Upper Bounds on the Lightest Higgs Boson Mass in General Supersymmetric Standard Models
J. R. Espinosa, M. Quirós
Abstract
In a general supersymmetric standard model there is an upper bound $m_h$ on the tree level mass of the $CP=+1$ lightest Higgs boson which depends on the electroweak scale, $\tan β$ and the gauge and Yukawa couplings of the theory. When radiative corrections are included, the allowed region in the $(m_h,m_t)$ plane depends on the scale $Λ$, below which the theory remains perturbative, and the supersymmetry breaking scale $Λ_s$, that we fix to $1\ TeV$. In the minimal model with $Λ=10^{16}\ GeV$: $m_h<130\ GeV$ and $m_t<185\ GeV$. In non-minimal models with an arbitrary number of gauge singlets and $Λ=10^{16}\ GeV$: $m_h<145\ GeV$ and $m_t<185\ GeV$. We also consider supersymmetric standard models with arbitrary Higgs sectors.

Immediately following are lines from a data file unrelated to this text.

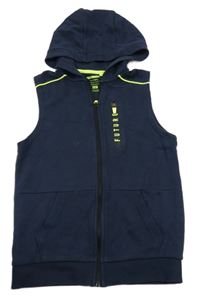 Tmavomodrá prepínaci tepláková vesta s nápisom a kapucňou F&F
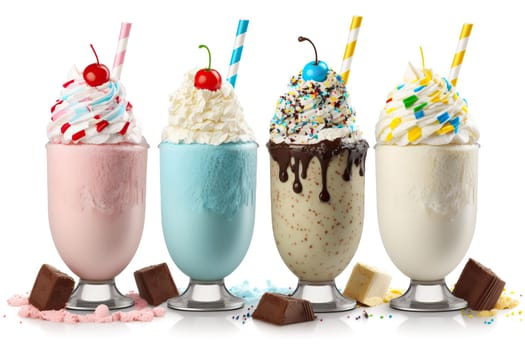 assortment of milkshakes with different flavors isolated on white background .Generative AI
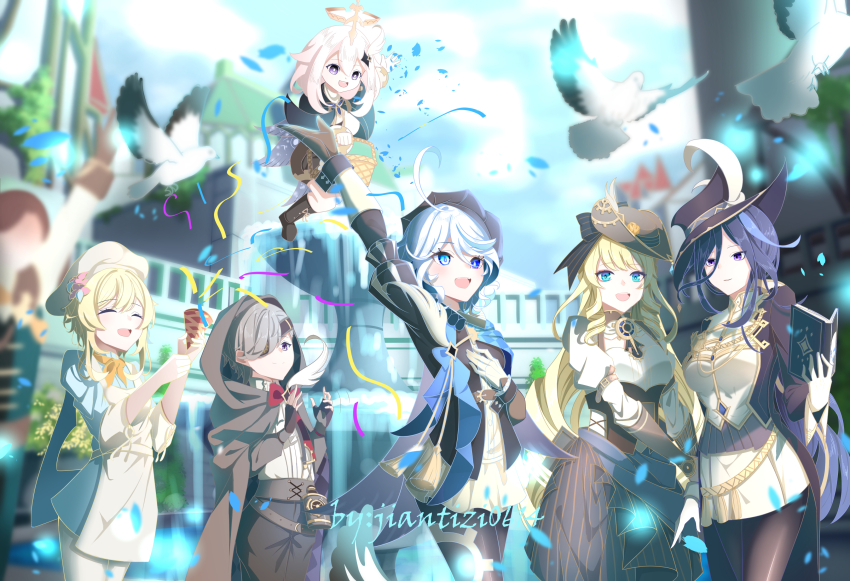 1boy, 5girls, :d, absurdres, ahoge, apron, arm_up, asymmetrical_gloves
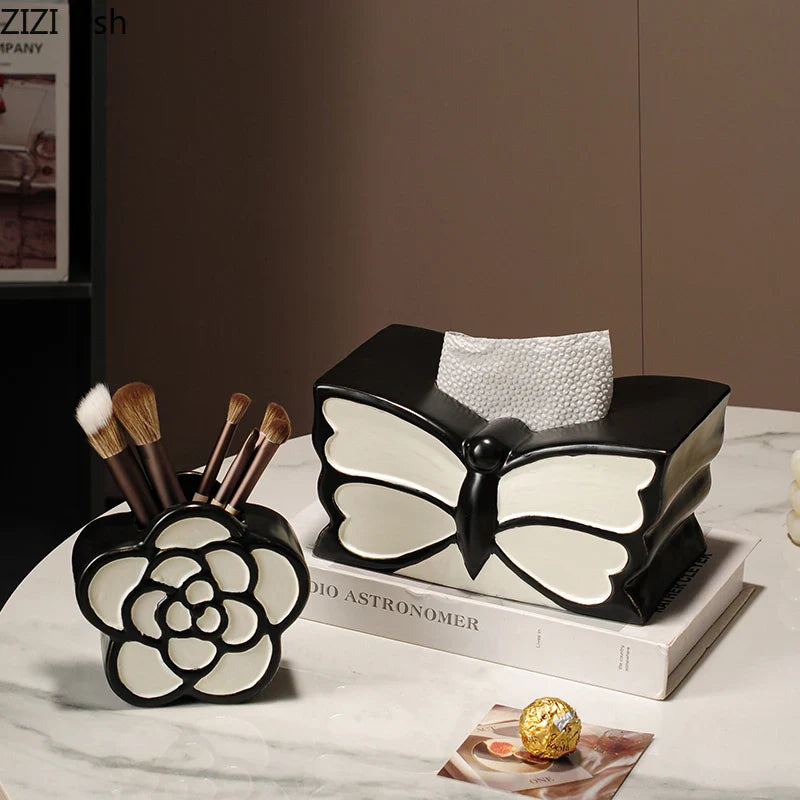 Afralia™ Butterfly Ceramic Tissue Box - Decorative Bedside Table Paper Towel Case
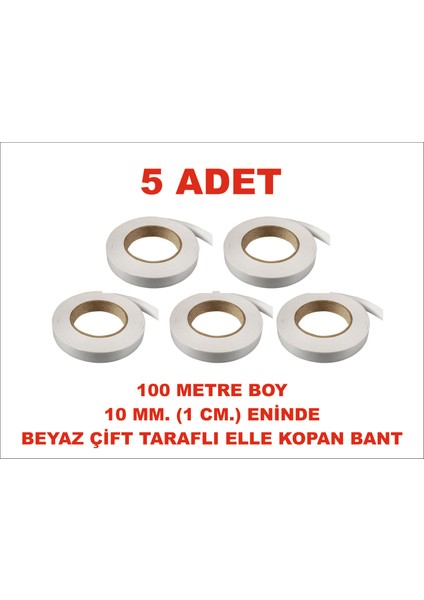 Çift Taraflı Elle Kopan Beyaz Bant 100 M. Uzunlukta 10 mm Eninde 5 Adet Birlikte Gönderilir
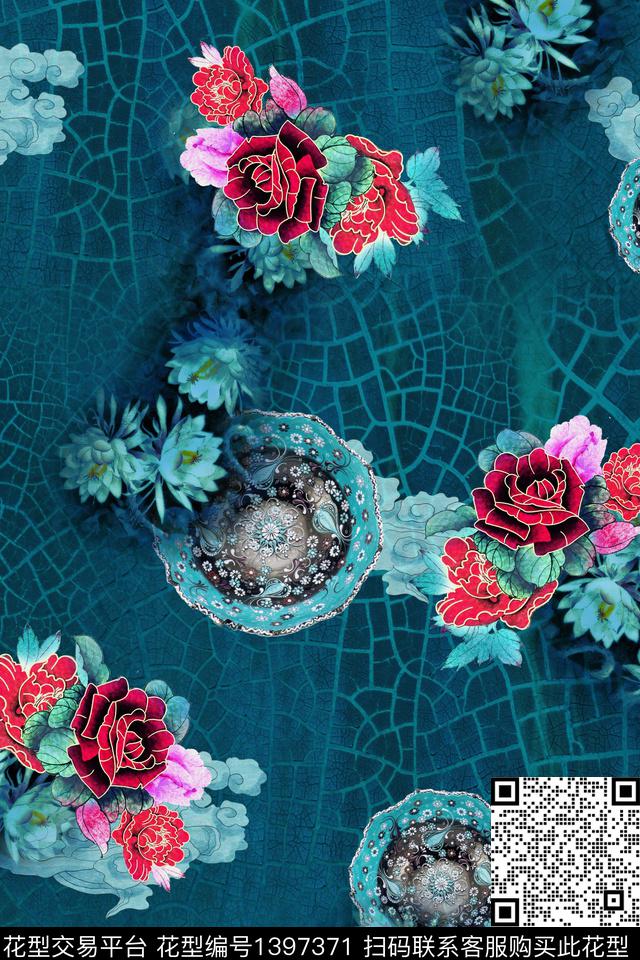 数码华亿平台花卉中国风数码印花华亿平台下载（图片编号: 1397371） - 瓦栏（Walan）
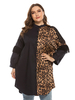 Chemisier grande taille pour femme noir col montant manches longues chemise décontractée en polyester surdimensionné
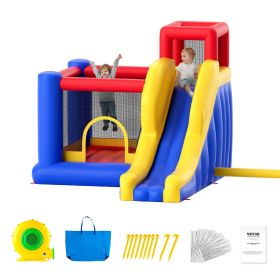VEVOR Inflatable Bounce House, Outdoor High Quality Playhouse Trampoline, Jumping Bouncer with Blower, Slide, and Storage Bag, Family Backyard Bouncy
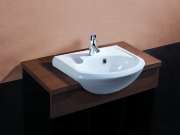 Bathroom Basins Semi Inset Basins SRV-450 Semi-recessed Basin 450x340x180 40mm Overflow
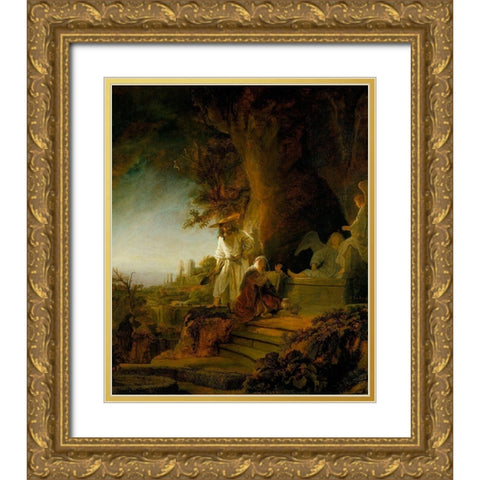 Christ and St Mary Magdalen at the Tomb Gold Ornate Wood Framed Art Print with Double Matting by Rembrandt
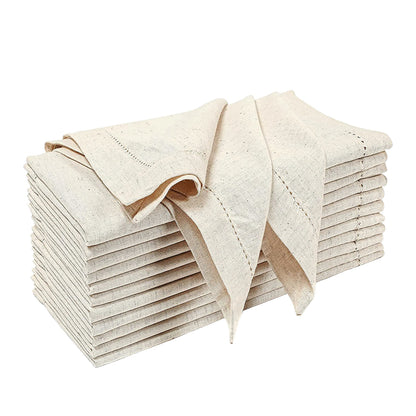 GFI LINEN CLUBS Cotton Flax Linen Cloth Dinner Napkin - Pack of 12 Natural Premium Hemstitched Napkins, 20x20 Inch, Machine Washable, Reusable Table Cloth for Dining, Parties, Weddings & Everyday Use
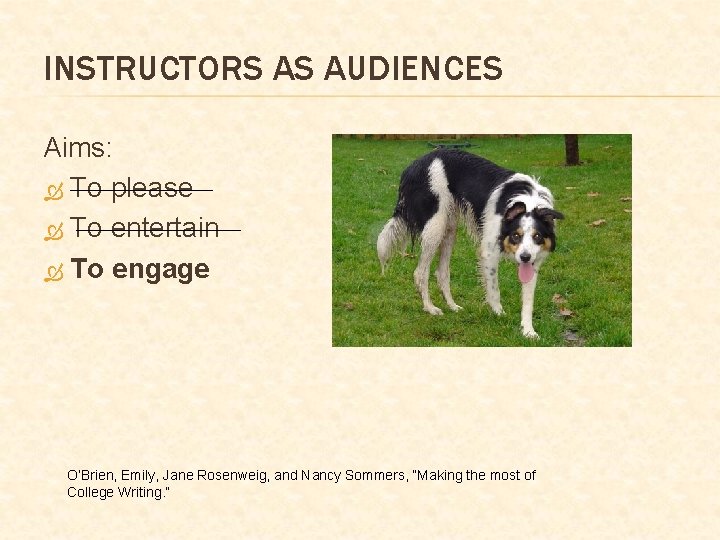 INSTRUCTORS AS AUDIENCES Aims: To please To entertain To engage O’Brien, Emily, Jane Rosenweig,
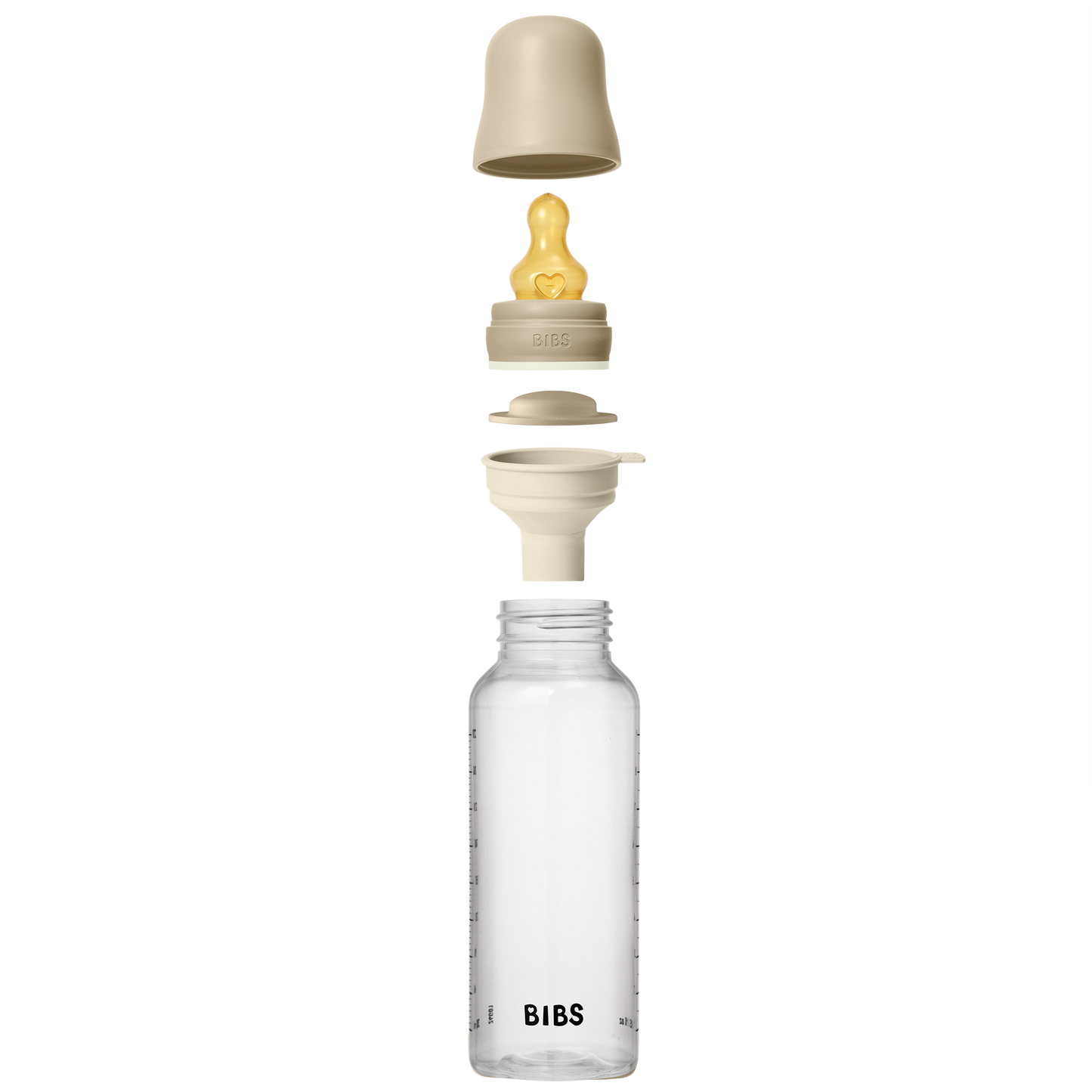 BIBS - Otroška steklenička nočna 270 ml, silikon - Vanilla Glow (srednji pretok)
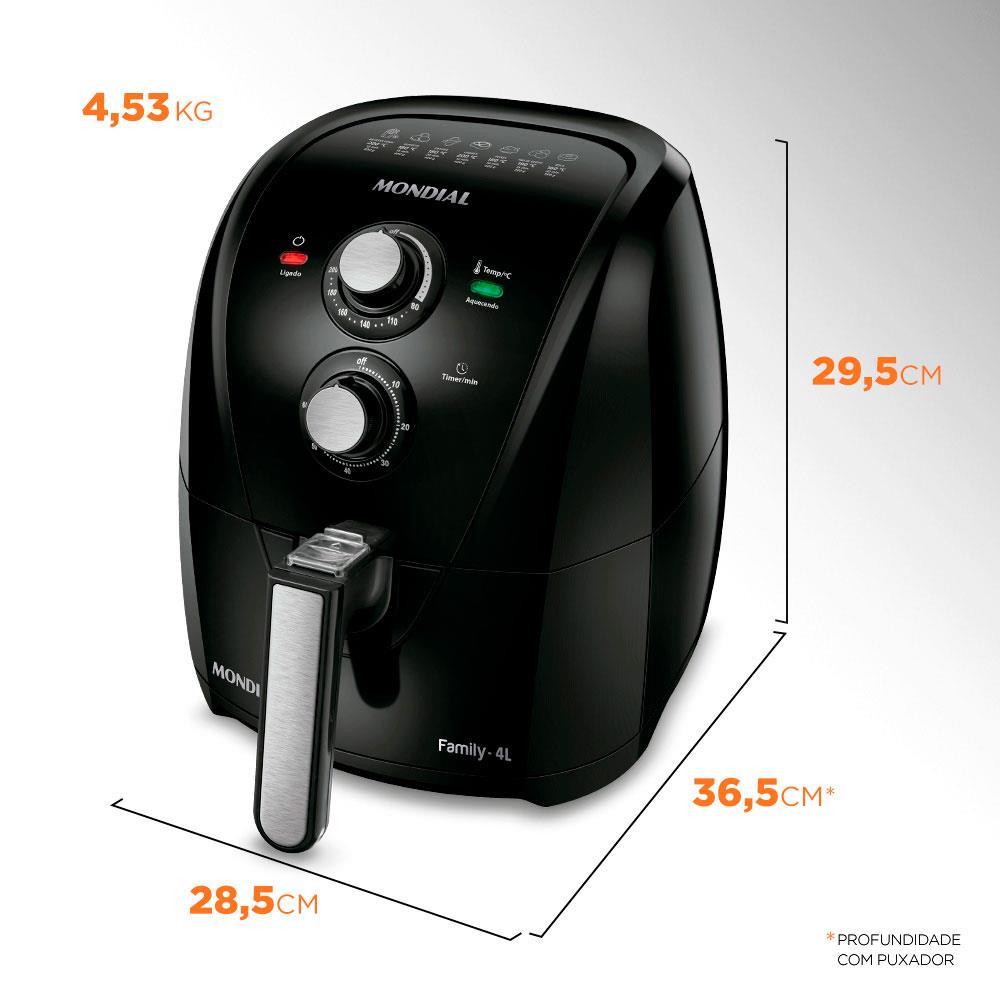 Fritadeira Elétrica Sem Óleo Air Fryer Mondial Family AFN40FB 4L Preta - 7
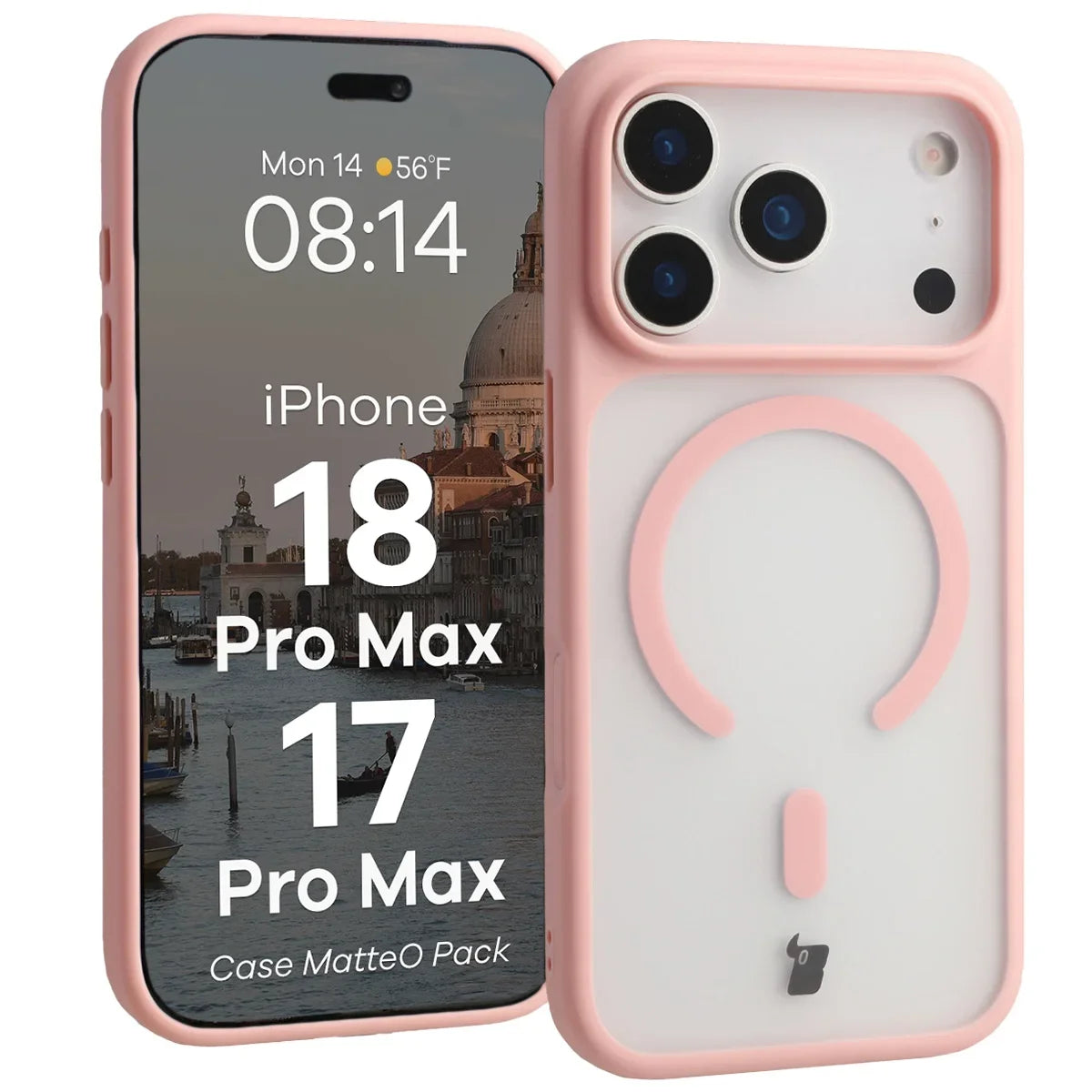 Schutzhülle mit Magnetring + gehärtetem Glas für iPhone 18 Pro Max / 17 Pro Max, Bizon MatteO Pack, Getönt-Hellrosa (3/9)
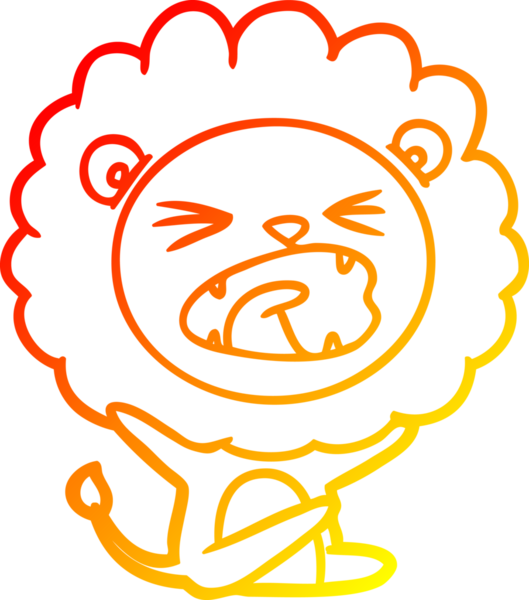 Karikatür aslanının insan tarafından çizilmiş sıcak çizgi çizimi.
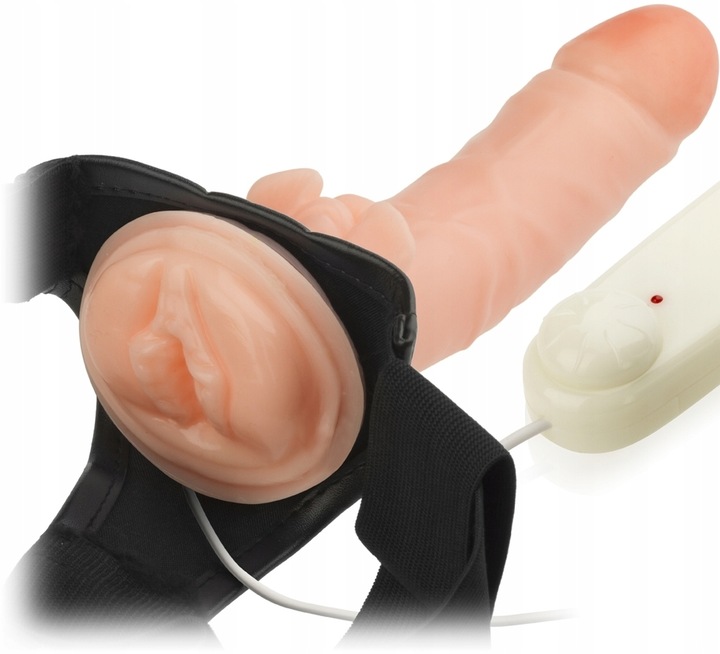 STRAP ON Z POCHWĄ I PENISEM - PROTEZA SEX DILDO Z WAGINĄ - WIBRACJA
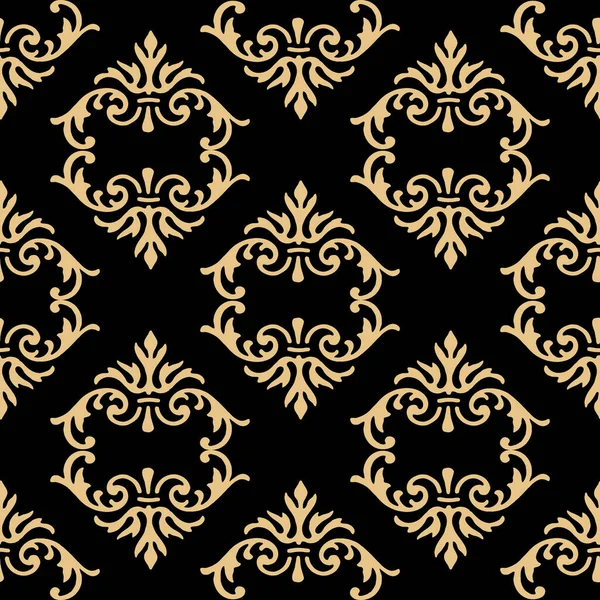 Oriental seamless pattern in art deco style. Gold elements on a black background. Design for printing on textiles, wallpapers, backgrounds. The tiles can be combined with each other.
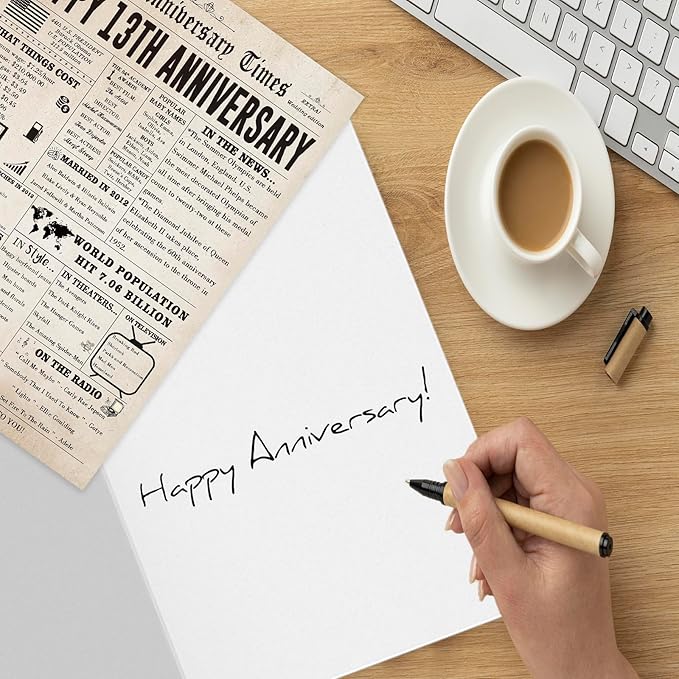 Retro 13th Anniversary Cards for Parents, Romantic 13th Wedding Anniversary Decoration for Husband Wife, Sweet 13 Year Anniversary Card Gifts for Him Her, Lace Wedding Gifts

For models whose couplings saturate the scale $Λ=10^{16}\ GeV$ we find $m_h<155\ GeV$ and $m_t<190\ GeV$. As one pushes the saturation scale $Λ$ down to $Λ_s$, the bounds on $m_h$ and $m_t$ increase. For instance, in models with $Λ=10\ TeV$, the upper bounds for $m_h$ and $m_t$ go to $415\ GeV$ and $385\ GeV$, respectively.